WHAT YOU SHOULD DO => Repeat the full listing below verbatim and keep the images out.

=== Section Start ===

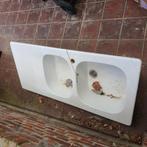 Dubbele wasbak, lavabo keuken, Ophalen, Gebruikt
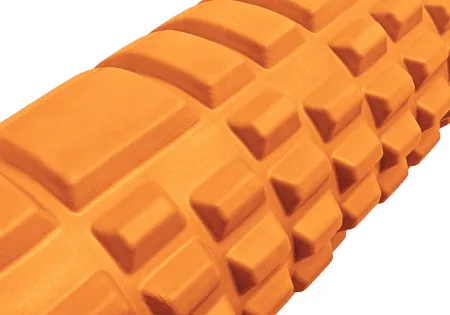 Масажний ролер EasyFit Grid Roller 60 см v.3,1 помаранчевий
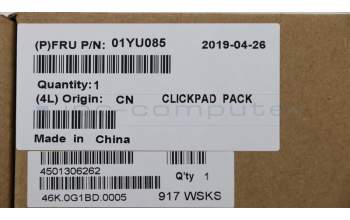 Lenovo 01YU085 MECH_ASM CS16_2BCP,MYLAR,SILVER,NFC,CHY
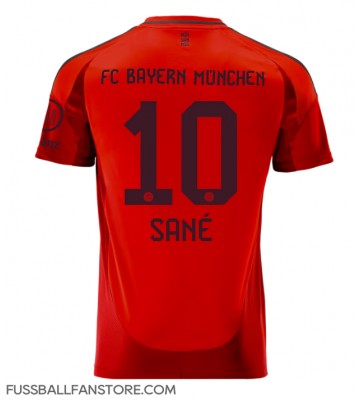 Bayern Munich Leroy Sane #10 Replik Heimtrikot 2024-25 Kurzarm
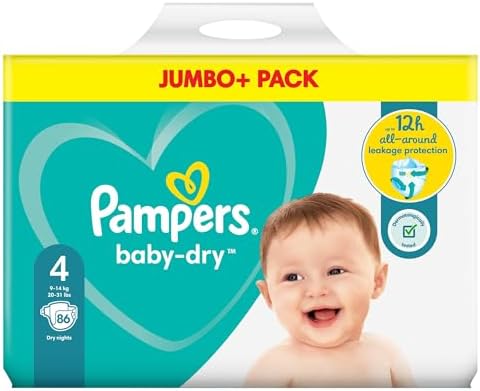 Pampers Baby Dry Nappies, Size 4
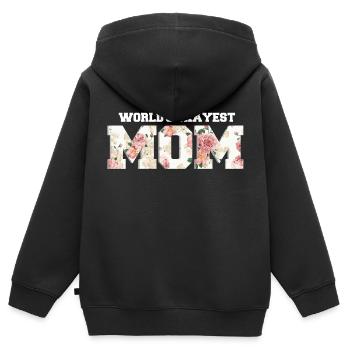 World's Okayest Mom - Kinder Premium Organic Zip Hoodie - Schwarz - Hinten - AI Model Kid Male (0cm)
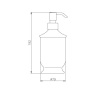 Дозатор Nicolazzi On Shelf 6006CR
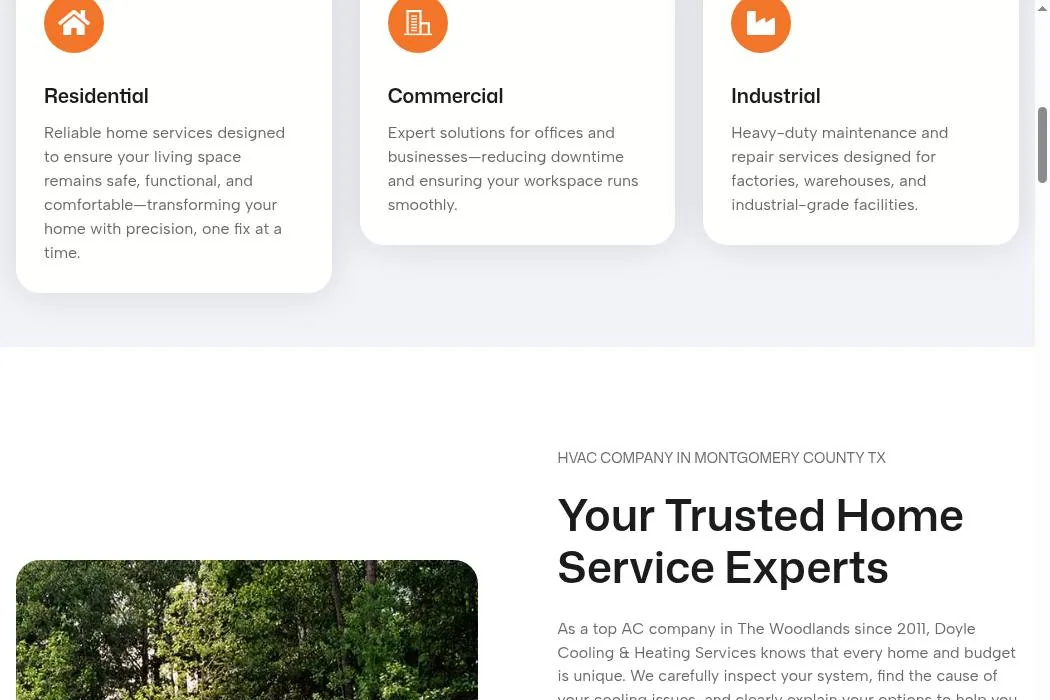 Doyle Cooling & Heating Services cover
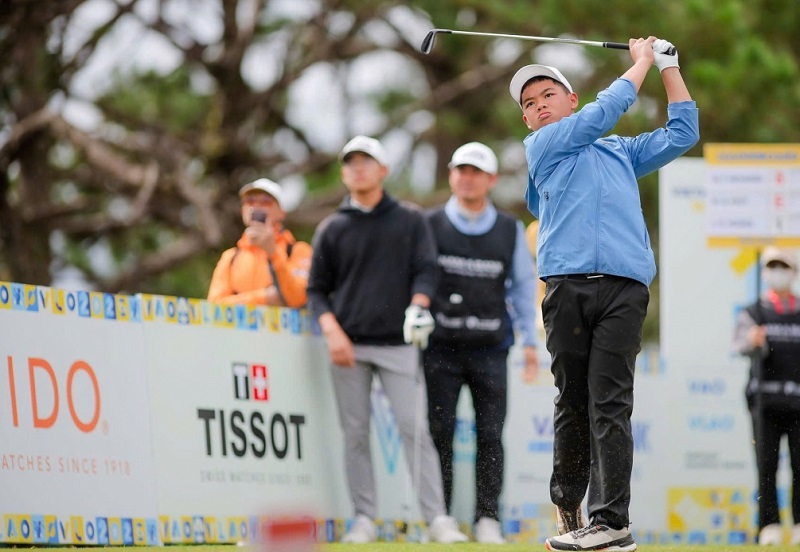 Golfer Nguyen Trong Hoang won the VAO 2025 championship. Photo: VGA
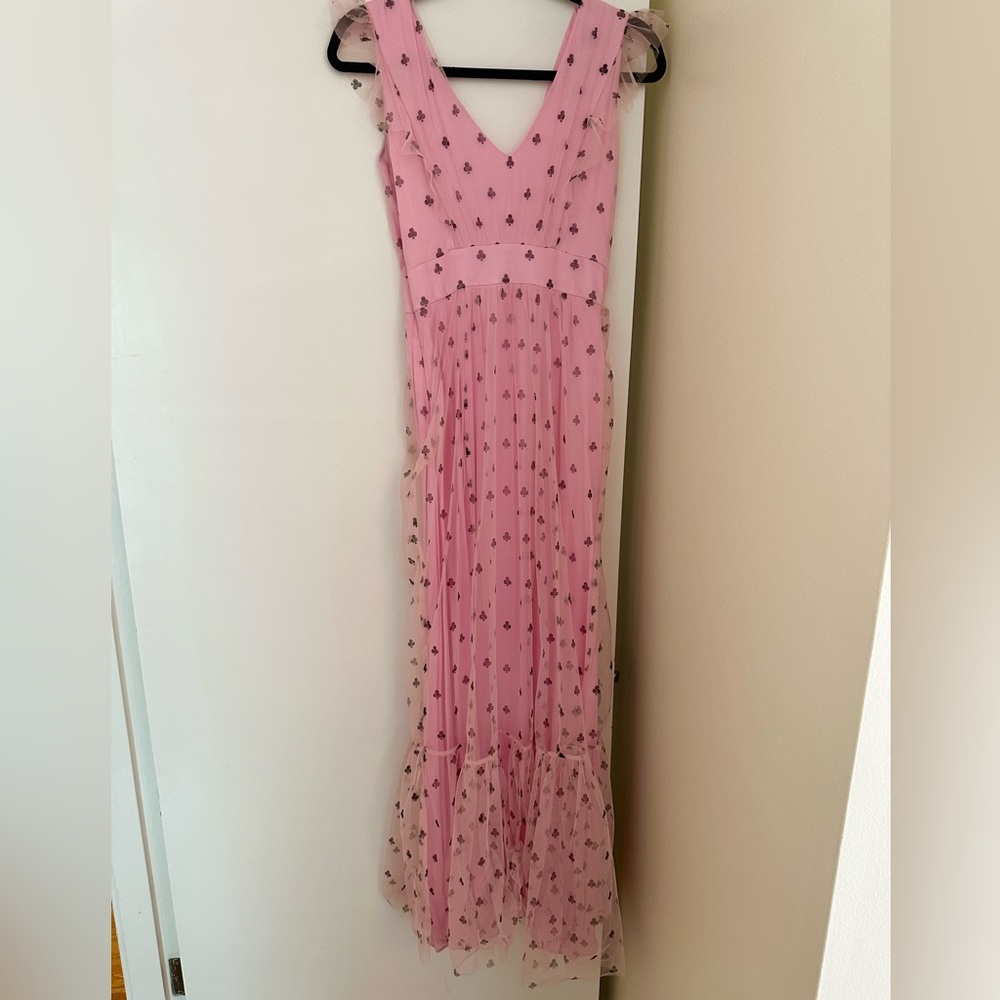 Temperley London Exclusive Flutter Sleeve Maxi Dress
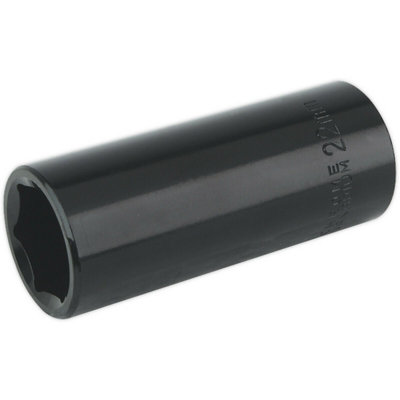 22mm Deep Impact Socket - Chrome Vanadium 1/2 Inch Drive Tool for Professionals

=== Section End ===

WRITTEN REPLY =>
 Dubbele wasbak, lavabo keuken, Ophalen, Gebruikt
 Масажний ролер EasyFit Grid Roller 60 см v.3,1 помаранчевий
 Lenovo 01YU085 MECH_ASM CS16_2BCP,MYLAR,SILVER,NFC,CHY
 Bayern Munich Leroy Sane #10 Replik Heimtrikot 2024-25 Kurzarm
 Pampers Baby Dry Nappies, Size 4
 World's Okayest Mom - Kinder Premium Organic Zip Hoodie - Schwarz - Hinten - AI Model Kid Male (0cm)
 Дозатор Nicolazzi On Shelf 6006CR
 Doyle Cooling & Heating Services cover
 Golfer Nguyen Trong Hoang won the VAO 2025 championship. Photo: VGA
 Temperley London Exclusive Flutter Sleeve Maxi Dress
 22mm Deep Impact Socket - Chrome Vanadium 1/2 Inch Drive Tool for Professionals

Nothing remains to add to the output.